I've had so much loss that I think I just need to keep peeling back, like layers of an onion, some of the hide that's already whipped and flayed, and see if I can get back to, or the bottom of, who and what I thought was me. Since h went nuts, I spent a lot of time trying to decide if he was the guy I thought he was or if he was always really the azzhat he turned into but just did a good con job. Now I'm deciding it is more important to know who I am and what I want and how responding to and adapting to a) being married to my h; b) still trying to preserve some of my dreams and achieve them; and c) holding on to a job have turned me into someone who survived, by the skin of my teeth, but more importantly how confined and narrow and constricted I became as I juggled and compartmentalized all that stuff. Our modern life would applaud me for doing all that, but it was insane. I was wife, I was step-mommy (with a good job and a thick wallet), I was everybody's go-to person at work, and I was this and I was that, but it was all stuff that tended toward quantification. The only thing I'm going to quantify from here on out is the 8 hours a day I work, and after/beyond that, I'm going for quality, in terms of the way I spend my time, and in terms of the way I view myself, and in terms of quality, I want to find out what I value. I want to be like @Wolf1974 and know that I have, if not reinvented myself, rediscovered myself, and if someone comes along for the ride, that would be great. You're an amazing person and if you honor yourself as such, I think you can work through any challenges you face, since you will face challenges, even with the right partner. And I suspect you'll know pretty quickly if someone is not, after all you've experienced, and the wisdom you've acquired. 

Best wishes, my friend.


----------



## NoMoreTears4me (Oct 21, 2015)

TeddieG said:


> Hey, beans. I don't have any advice, but I'm pulling for you. . .
> 
> Best wishes, my friend.


That's a lot to take in..  I am struggling with what I want from my life. Its easy I guess if you have some kind of clue where you want to go. I do not. I lived for my family. I worked for them and the idea of what I thought a family is. Well that is gone now.
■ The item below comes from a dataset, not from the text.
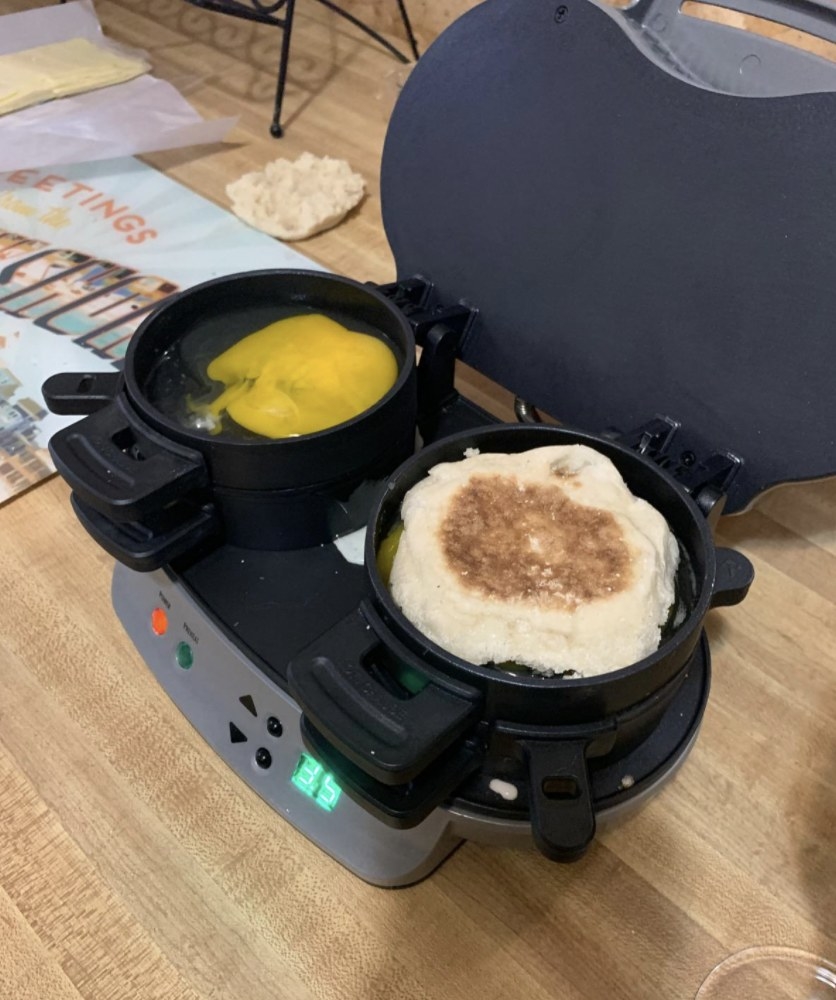 a person making an egg sandwich in a breakfast sandwich maker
Part of the reason I posted this was now I have to figure out what I want. I cant have what I had before. So here is what I do know...

I do not want to be alone.
I do not want to be a swinging party animal singles club person.
I want to be happy both at home and at work. 
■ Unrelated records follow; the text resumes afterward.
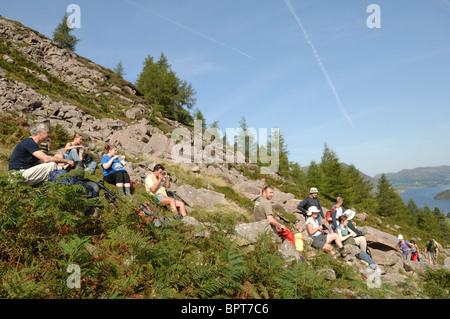 Group of walkers resting at Old Burtness on their way up Red Pike on a sunny day under  a blue sky with Crummock Water behind. Stock Photo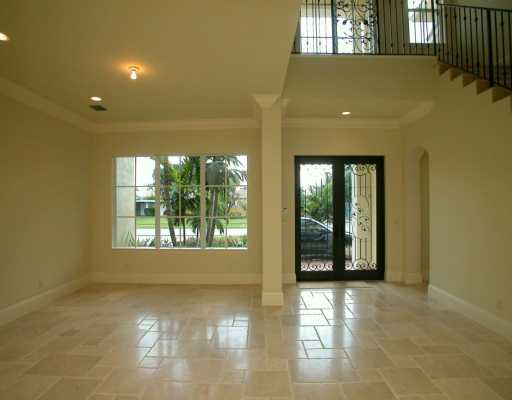 335 Northeast 4th Street Boca Raton, FL 33432 - Photo 3 of 16 a view of an empty room and window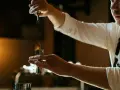 Barman nalewa ciemny płyn do jiggera, przygotowując drinka z Jägermeisterem i sokiem pomarańczowym.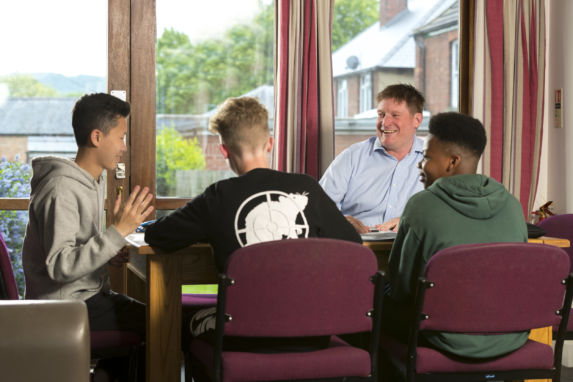wycliffe boys and teacher talking at the table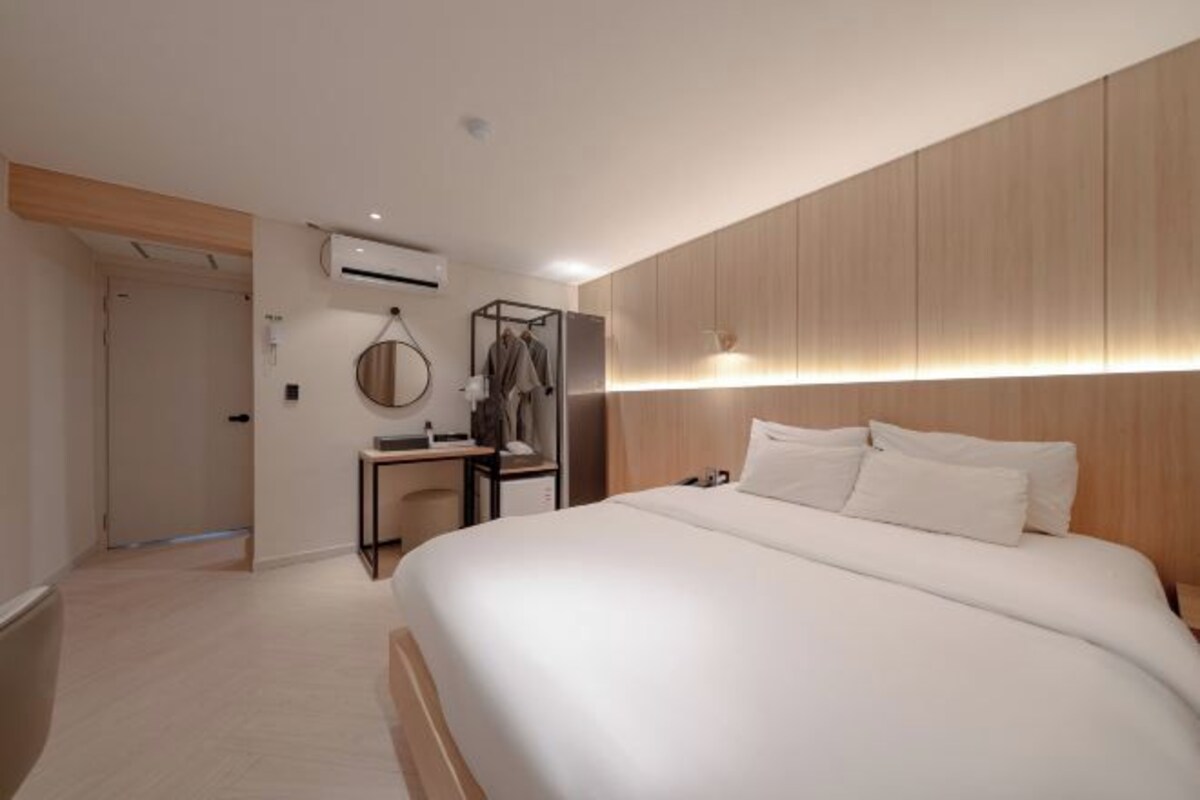 Una habitación de hotel moderna con una cama grande, una mesita de noche, un armario y un equipo de aire acondicionado instalado en la pared.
I want to find a job where I am not working for my family alone but for myself. Im afraid it might be too late for this.

I want a relationship with a person that likes me for who I am. Wants to be with me and respects me. 
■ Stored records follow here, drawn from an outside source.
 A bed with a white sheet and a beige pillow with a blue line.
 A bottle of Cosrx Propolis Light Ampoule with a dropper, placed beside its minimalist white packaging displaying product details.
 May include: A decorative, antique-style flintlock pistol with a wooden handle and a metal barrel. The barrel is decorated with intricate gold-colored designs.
I don't care about a high paying job anymore. Money did not make me happy. I would rather live in a single wide mobile home eating rice krispies for dinner and be happy than live in a 4000 square foot house, eating filet mignon and be miserable. 

I will not live to work I will continue to work to live.

I want to have fun and be funny again. I'm getting closer to that every day.

I do not want to worry about what other people think of my anymore. Where were these people when I was hurting so bad?

Anyway. I really love this new person in my life. She is great and I am taking things slow. But part of me does not and will not end up where I was again. It will be hard but if she turns out to be something I don't want I will walk away. 

I am working on myself. Starting with my anger. From their I will take the next step.


----------



## joannacroc (Dec 17, 2014)

Your concerns are valid. I've read so many posters talk about their marriages soon after divorce (as in, under 2 years) and some are happy, but some definitely feel they got married too soon. It sounds like you have an awareness that that's not something you want, even though you're figuring out what your new "family" looks like. 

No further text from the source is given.